Also funktioniert es nicht? Schade ich habe BF3 schon aber wollte es noch für mein Bruder runterladen.


----------



## S_Fischer (30. Oktober 2013)

So da ich einen Komentar auf einer anderen Seite gelesen habe, wo auch einer gestern angerufen hat und schrieb, dass der Key heute nochmal zur Verfügung stehen soll, hab ich jetzt da mal angerufen. Jetzt die Aussage das es diese Aktion doch gab, aber sie vorbei ist.
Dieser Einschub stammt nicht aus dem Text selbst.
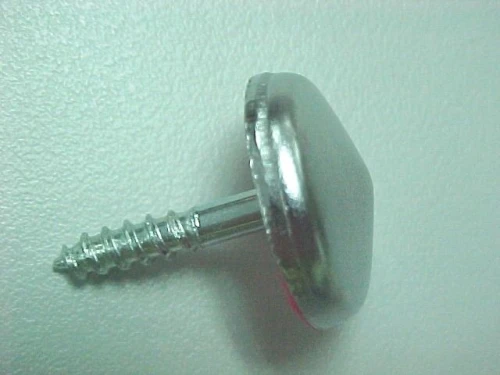 umbrella screw, screw with umbrella head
Er meinte auch, dass er mehrere Kollegen gefragt hat.
Immer das gleiche mir solchen Hotlines / Servicecentern, der eine sagt das der andere das. 
Auf jeden Fall Origin ist bei mir auch schon runter  und naja ich kanns ja den Tag über mal probieren den Code über die Website einzulösen, wenn nicht ists mir jetzt auch egal  .


----------



## fire2002de (31. Oktober 2013)

schau mal auf der mydealz Seite, die haben so viele Accounts erstellt und handeln die nun.... schade um solche Aktionen. für die die bf3&origin sich antun wollen


----------



## Shona (2. November 2013)

fire2002de schrieb:


> schau mal auf der mydealz Seite, die haben so viele Accounts erstellt und handeln die nun.... schade um solche Aktionen. für die die bf3&origin sich antun wollen


Tja das wurde GeMydealzt  deshalb ging es auch nach kurzer zeit nicht mehr, aber es war definitiv keine Ente wie im ersten Post hinzugefügt wurde.


----------